Makes me wonder. Is there a way that I can concretely test this hypothesis? Maybe I can by comparing the token cost of achieving the same outcome with vs. without AgentOS. But to be honest, I cannot be bothered. Ha.
Self-Enriching Engineering Systems
The pattern underneath all of this is what I find most interesting: the project is designed to accumulate rather than just record.

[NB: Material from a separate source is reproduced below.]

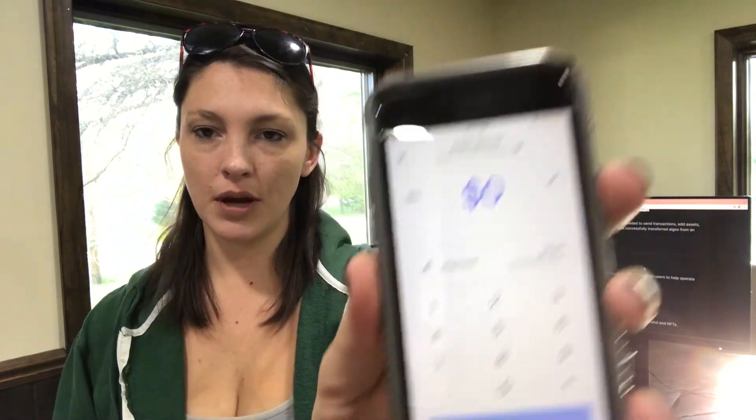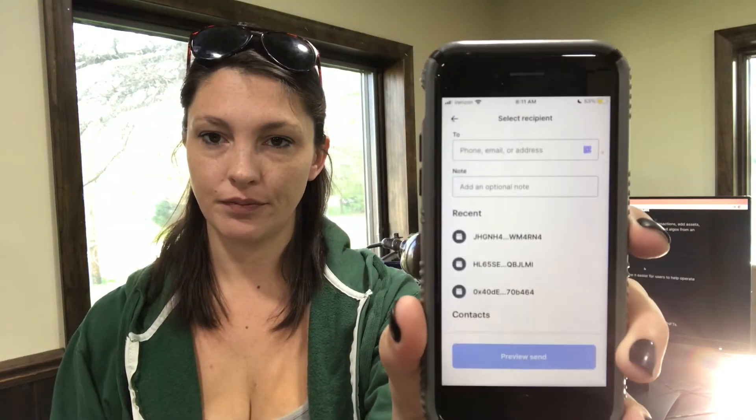I jump back to my Coinbase account and hit that blue button again. Instead of clicking 'Buy Crypto with Cash' like before, I click the fourth one down — it says 'Send Crypto to Another Wallet.' It'll bring up a page, and make sure it says Algo in that little square. There's a button at the top that says Max — click Max to move all the Algo we just bought. Then paste that copied wallet address at the top and click Preview. It'll give you a summary, so click Send Now.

The agent does a piece of work. I steer it. The steering becomes a Captain Log. If the work becomes a repeatable process, it becomes an agent workflow. If the work is agreed but not done, it becomes a plan. If it lands, it becomes a devlog. If it exposes a bug, it becomes an issue note. If it involves repeated commands, it becomes a skill.
Over time the repo preserves more than code. It preserves the reasoning and the collaboration environment around the code. The thinking layer, the craft layer, and the mechanical layer all get a place to live, and the boundaries between them stay legible.
That changes what I want from AI agents. Not just faster code. Environments where they can operate effectively because the surrounding context has been intentionally designed, and where the design itself improves as the project is used.
The End?
None of this changes what the human is for. The agent still needs someone to supply the judgment, hold the taste, and decide what is worth preserving. AgentOS is not an attempt to automate that. It is an attempt to make it stick.
AgentOS is not finished either. It probably never will be finished finished, that is the point of a self-enriching system. The patterns will keep evolving as the project is used, and eventually I plan to give it its own dedicated repo.
If you are building something similar, or have strong opinions about where this breaks down, I would genuinely like to know. The collaboration log for this whole endeavour is still being written.